Tutto comincia il 23 luglio 2018, quando l’ARPAC effettua un sopralluogo all’impianto, segnalando varie irregolarità, tra cui la mancanza della SCIA antincendio e carenze nella gestione di rifiuti pericolosi. Solo pochi giorni dopo, anche i Vigili del Fuoco confermano le criticità. Il Comune di Marcianise, a quel punto, non resta fermo: con l’ordinanza n. 26 del 31 luglio 2018 dispone la sospensione immediata delle attività.

La società non si arrende e impugna l’ordinanza davanti al TAR Campania, sostenendo che molte delle prescrizioni erano già state soddisfatte o comunque in corso di risoluzione. La Regione Campania, intanto, diffida l’azienda e convoca la Conferenza dei Servizi, aprendo un braccio di ferro che si complica di settimana in settimana.

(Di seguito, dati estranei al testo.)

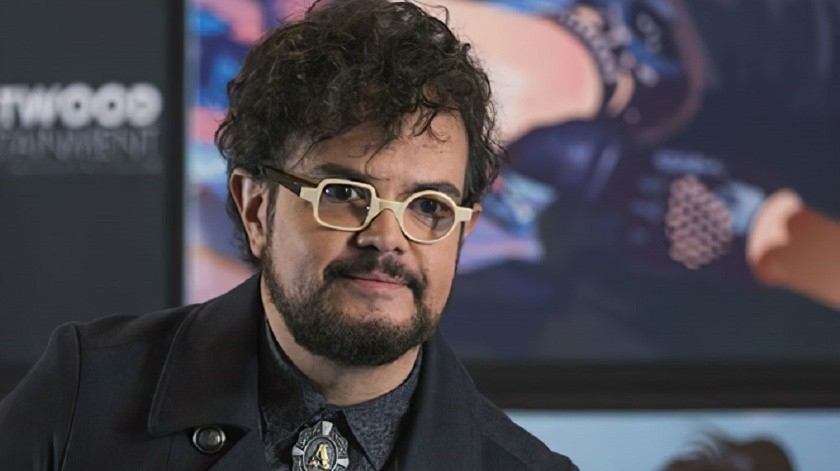 Aleks Syntek se lanza contra Dani Flow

Nel giugno 2019 arriva la svolta: il TAR accoglie il ricorso di Ecopartenope, annullando l’ordinanza comunale. Il tribunale riconosce un eccesso di potere da parte del Comune e la volontà dell’azienda di adeguarsi alle prescrizioni. Poco dopo Ecopartenope ottiene l’Autorizzazione Integrata Ambientale, documento fondamentale per poter operare nel rispetto delle norme europee.